Is there any option other than reporting the situation to a system that wouldn't care about my grandson?

-- Mouse's Mom

Dear Grandmouse,

I know you're not pleased with how your daughter's life is going. She's taken a rough road. But she dearly considers herself lucky to have this man as a partner and father to her son. He seems to give her the opportunity to develop her own competence. Incompetent men are useful if they inspire mousy women to roar. And ordinarily, I can think of nothing more ideal for a little boy than to be raised at home by his domesticated, underwhelming father.

I understand your concern if the child's father is drinking on the job. Parenting is too important to be done by people who are rendering themselves brain damaged as they do it.

But even so, you just don't describe anything in your letter that would warrant Child Protective intervention. Toddlers fall and hurt their lips routinely. Of course, if there is more than you have told me, or if you have any doubts, call Protective Services and talk it over with them. If then the time comes when the child is more clearly in danger, they will already have been alerted.

You know that a child is going to get more love and more personal attention with his or her own family than in an institution or a foster setting. Still, when the family fails, someone must step in. If abuse is a certainty at home, then the possibility of abuse elsewhere is a gamble worth taking. The beleaguered state agencies do a yeoman's job most of the time, especially if stable relatives stay involved. You may be less distrustful of them after you have talked with them. Of course, you may be less distrustful of your grandson's father after you have talked with him.

I don't think you are going to gain more influence with Mouse by blaming and criticizing the mate she has chosen--especially if you have been squeamish about his race and culture in the past. People who seem prejudiced tend to be dismissed as credible witnesses.

A loving grandmother, overseeing her grandson's welfare, can surely find some way to be more helpful than calling the cops on his daddy. Can't you find a cooperative way of being involved with the boy and doing more of the child raising, short of accusing the father of being unfit?

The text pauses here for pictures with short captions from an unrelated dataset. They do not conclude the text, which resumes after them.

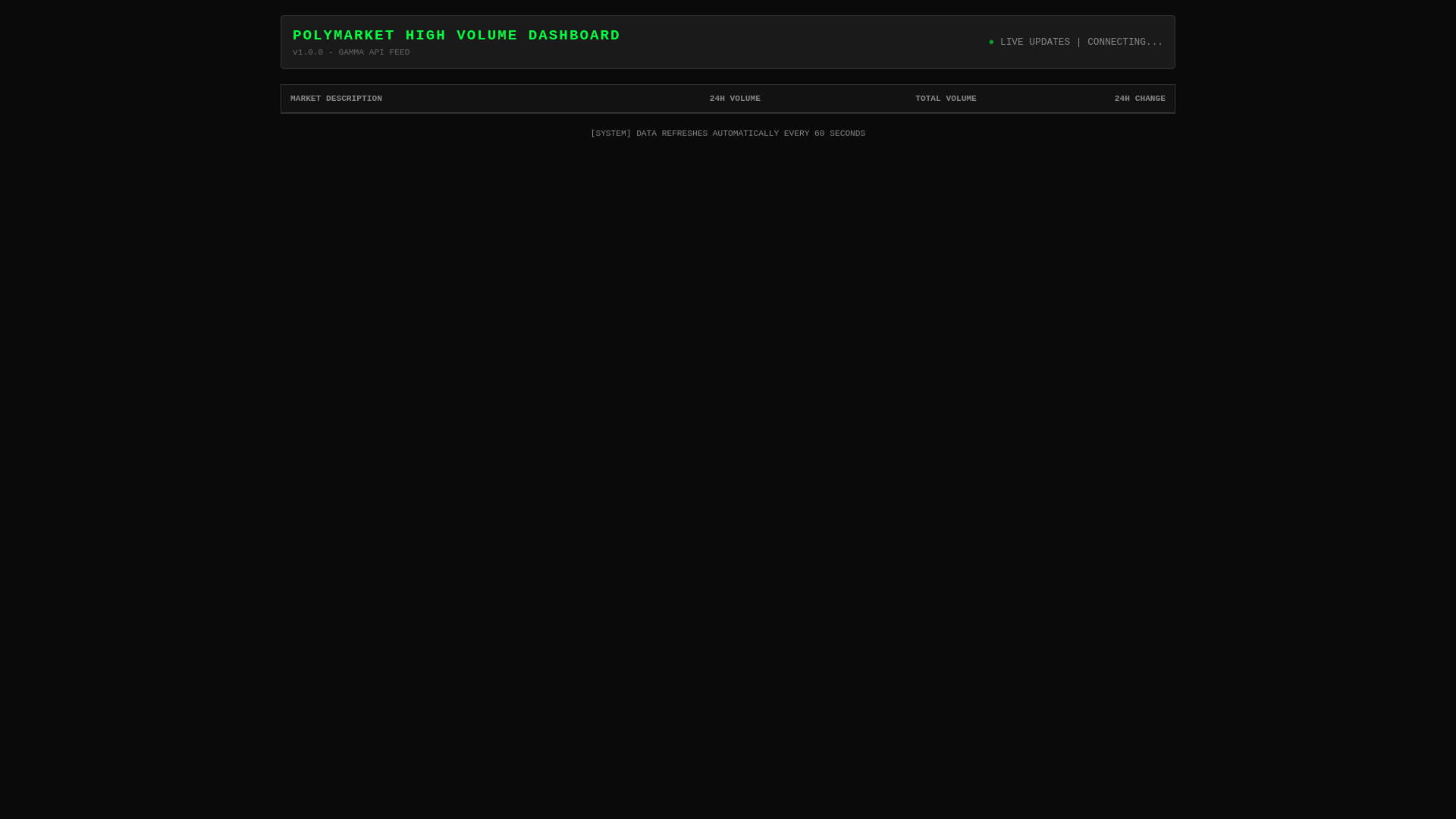 website screenshot of https://polymarket-dashboard-1uy.pages.dev/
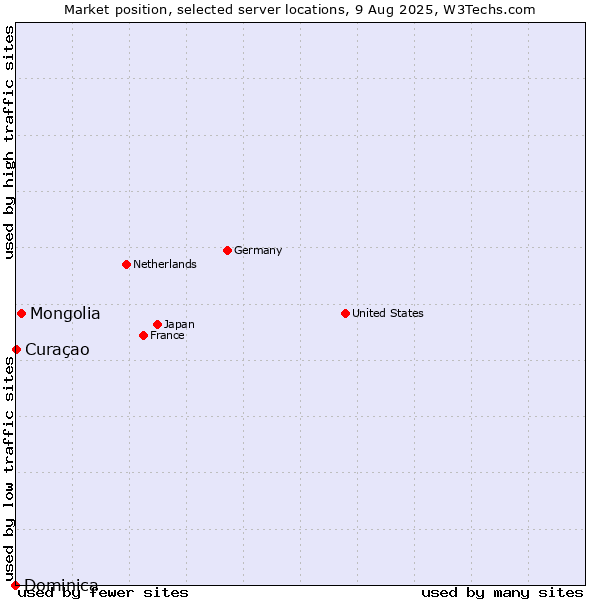 Market position of Mongolia vs. Curaçao vs. Dominica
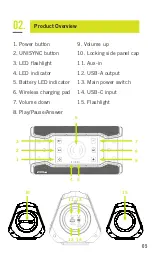 Предварительный просмотр 5 страницы Sprout Nomad Alpha Instruction Manual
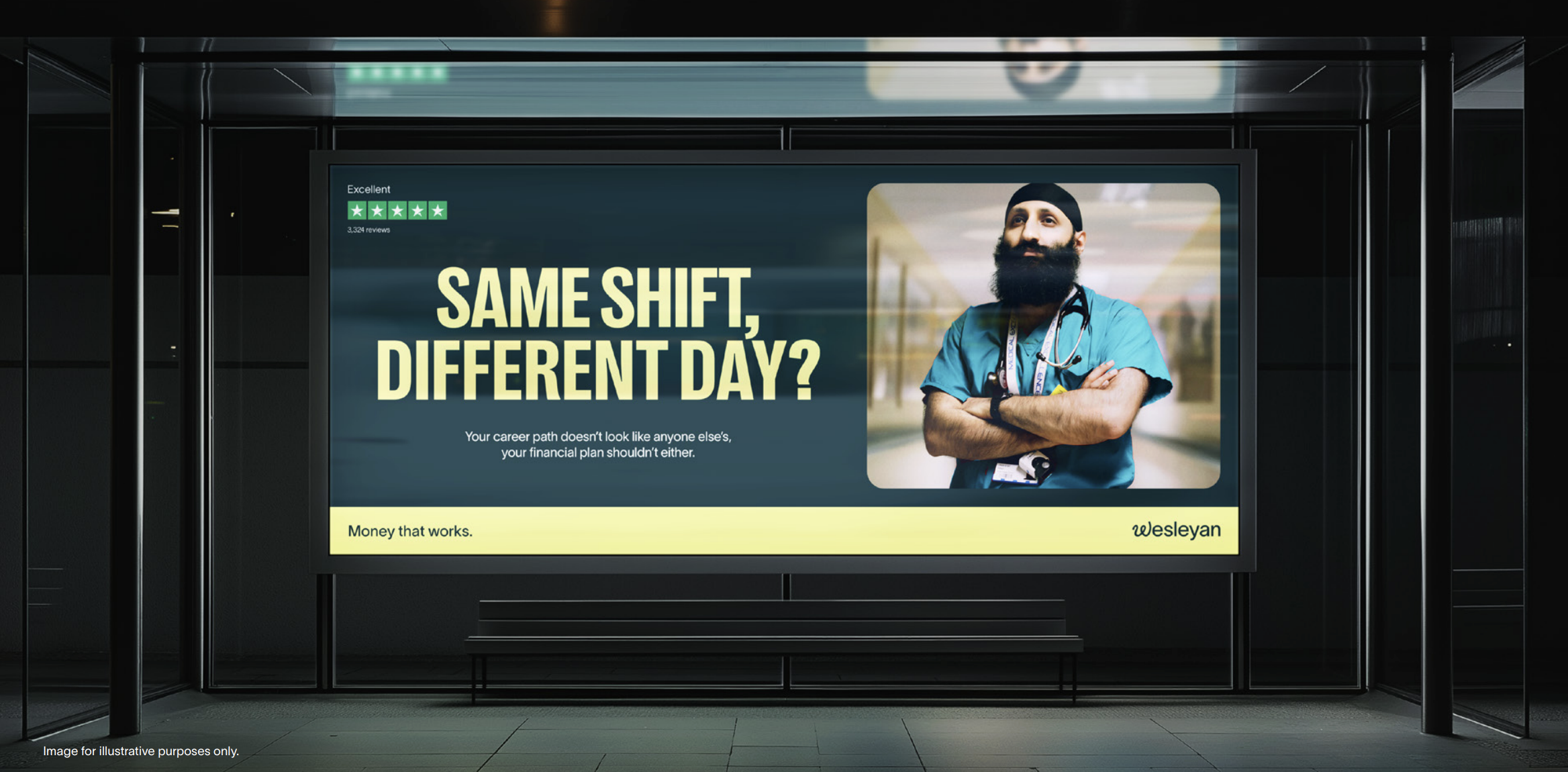 Brand led business transformation for a specialist financial services firm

Your grandson is lucky to have you. But have you convinced your son-in-law that he is lucky to have you too? Does he trust you with his son? A helpful, supportive grandmother is worth more than a dozen state agencies.

Dear Dr. Frank,

I don't want to do harm. How can I know if a repressed and recovered memory is valid?

--Conscientious Therapist

Dear Connie,

You can't.

Dear PSYCHOLOGY TODAY,

I'm shocked that Dr. Frank would make such a flippant response to the paranoid who wrote to him complaining about queers and Asians: "In this country many people are uncomfortable around people of other races and sexual orientations: we call them Republicans."

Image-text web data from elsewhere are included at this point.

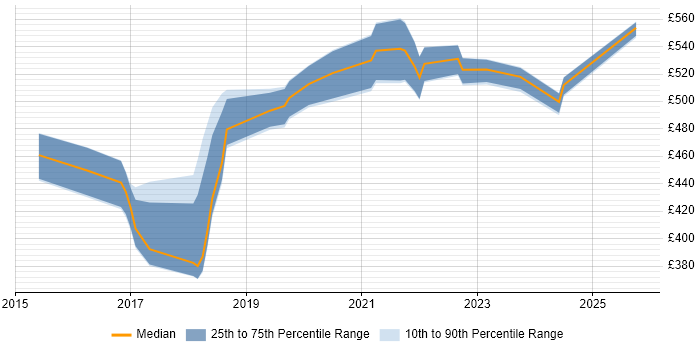 Contractor daily rate distribution trend for Digital Product Owner job vacancies in the South East Contractor daily rate distribution trend for Digital Product Owner job vacancies in the South East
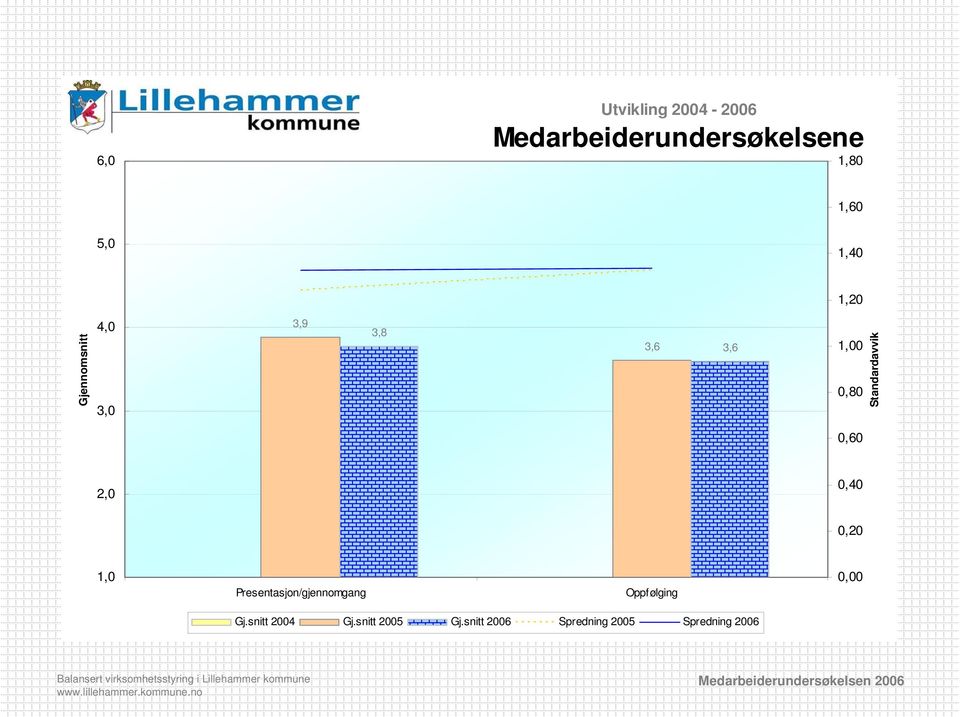 0,60 2,0 0,40 0,20 Presentasjon/gjennomgang Oppfølging 0,00 Gj.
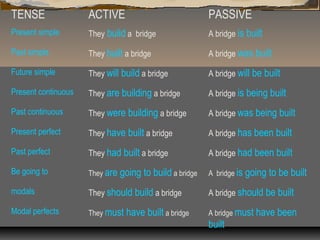 TENSE ACTIVE PASSIVE
Present simple They build a bridge A bridge is built
Past simple They built a bridge A bridge was built
Future simple They will build a bridge A bridge will be built
Present continuous They are building a bridge A bridge is being built
Past continuous They were building a bridge A bridge was being built
Present perfect They have built a bridge A bridge has been built
Past perfect They had built a bridge A bridge had been built
Be going to They are going to build a bridge A bridge is going to be built
modals They should build a bridge A bridge should be built
Modal perfects They must have built a bridge A bridge must have been
built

Now some Republicans, especially the religious ones, have very strange attitudes, but liberals are just as disgusting and irrational in their own way as Republicans; they tend to romanticize criminals (but oppose the right of law-abiding citizens to own firearms for self-defense); they're engaged in a witch-hunt against so-called child molesters and sexual abusers, accepting the absurd testimony of people who recall all kinds of fantastic things; they're for freedom of expression as long as it's politically correct, but don't mention anything not conforming to the list of correct attitudes. I used to be a liberal, until they lost all common sense and decency.

Dr. Frank should be relieved of his duties at PSYCHOLOGY TODAY and his license to practice psychiatry as well.

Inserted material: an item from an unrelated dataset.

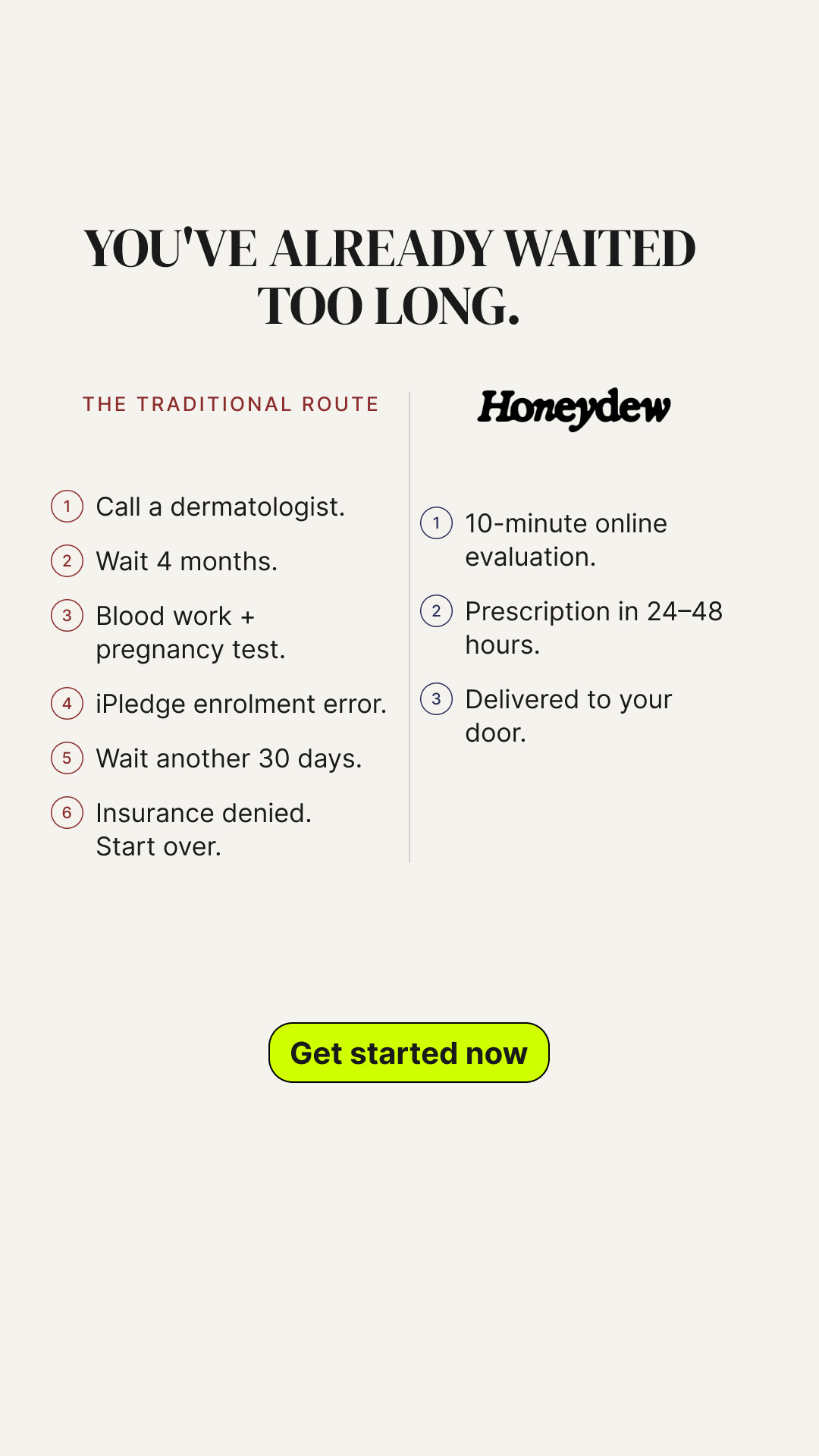 Honeydew — Access comparison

-- Unprejudiced Republican

Dear Pub,

We've gotten many letters from unprejudiced people like yourself, all calling me to task for my flippant little effort to normalize, without embracing, xenophobia. I am relieved to learn that not all Republicans are homophobic or otherwise biased, and do not want to silence dissent. (Have Newt Gingrich, Jesse Helms, and Dick Armey been told?)

As you point out, it's not easy being a liberal these days. The soul of liberalism is the right for everyone, however foolish, to be heard--even you and me.